Data records:
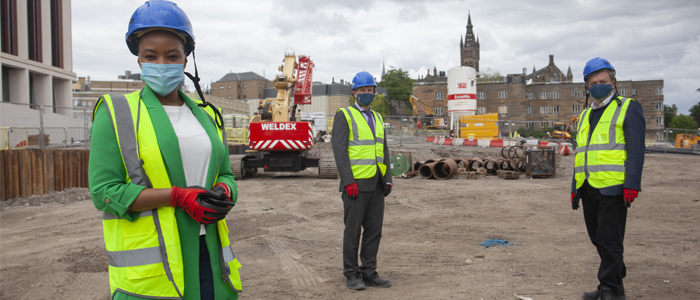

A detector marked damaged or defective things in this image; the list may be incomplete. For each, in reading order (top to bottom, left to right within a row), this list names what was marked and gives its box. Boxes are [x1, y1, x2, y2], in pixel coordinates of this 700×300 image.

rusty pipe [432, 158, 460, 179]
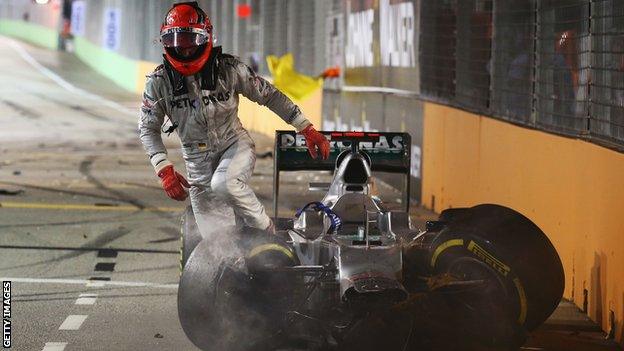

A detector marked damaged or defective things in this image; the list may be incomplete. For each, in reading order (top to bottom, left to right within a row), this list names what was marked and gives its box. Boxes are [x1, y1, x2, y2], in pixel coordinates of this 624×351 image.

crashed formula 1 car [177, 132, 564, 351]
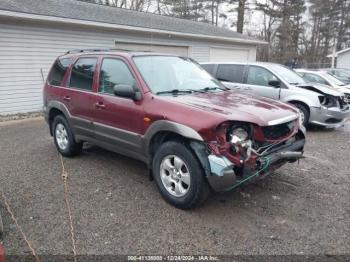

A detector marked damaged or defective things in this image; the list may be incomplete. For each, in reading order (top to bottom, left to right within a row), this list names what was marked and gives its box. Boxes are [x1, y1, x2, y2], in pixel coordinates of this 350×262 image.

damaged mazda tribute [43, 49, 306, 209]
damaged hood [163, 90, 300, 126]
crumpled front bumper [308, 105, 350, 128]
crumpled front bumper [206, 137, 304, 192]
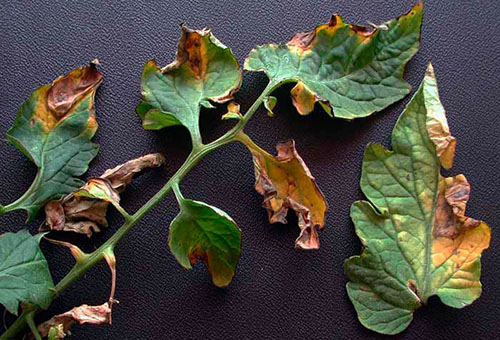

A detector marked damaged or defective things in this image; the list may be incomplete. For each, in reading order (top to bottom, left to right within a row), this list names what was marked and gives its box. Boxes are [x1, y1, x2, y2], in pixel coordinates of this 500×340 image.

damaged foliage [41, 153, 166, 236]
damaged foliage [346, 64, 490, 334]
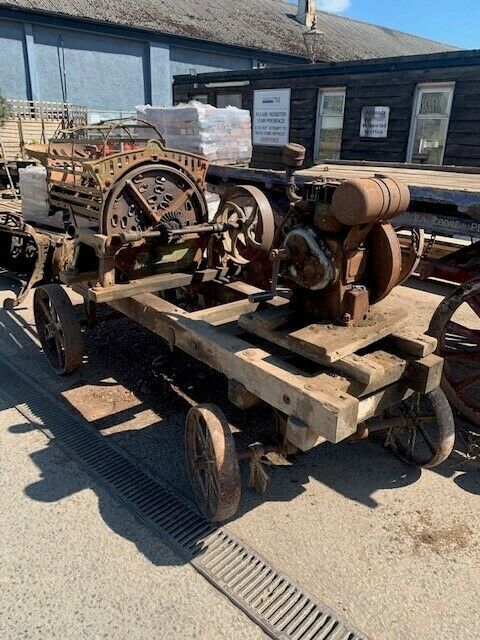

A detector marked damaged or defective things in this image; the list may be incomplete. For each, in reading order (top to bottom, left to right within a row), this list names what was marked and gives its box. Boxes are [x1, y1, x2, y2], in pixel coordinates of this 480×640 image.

## What needs to be done
Return word for word the line bearing "this 624×351 image." and every later line of the entries, but none of the pictures.

## Answer to the exercise
A detector marked damaged or defective things in this image; the list may be incomplete. For each, in reading order (top to bottom, left to right within a row), this list names what was marked and gives its box. Boxes are [x1, y1, x2, y2], in pixel coordinates of this 624×351 image.

crashed formula 1 car [177, 132, 564, 351]

A detector marked damaged or defective things in this image; the list may be incomplete. For each, in reading order (top to bottom, left to right within a row), this list names what was marked and gives its box. Boxes are [x1, y1, x2, y2], in pixel coordinates of this 350×262 image.

damaged mazda tribute [43, 49, 306, 209]
damaged hood [163, 90, 300, 126]
crumpled front bumper [308, 105, 350, 128]
crumpled front bumper [206, 137, 304, 192]

A detector marked damaged or defective things in this image; the list may be incomplete. For each, in reading order (top to bottom, left to right within a row), this list names what was marked and gives its box. Boxes are [x1, y1, x2, y2], in pixel coordinates of this 500×340 image.

damaged foliage [41, 153, 166, 236]
damaged foliage [346, 64, 490, 334]

A detector marked damaged or defective things in this image; the list may be incomplete. For each, in reading order (top to bottom, left to right within a row), this list names what was marked and gives its box. Boxes are [x1, y1, x2, y2], in pixel coordinates of this 480×640 image.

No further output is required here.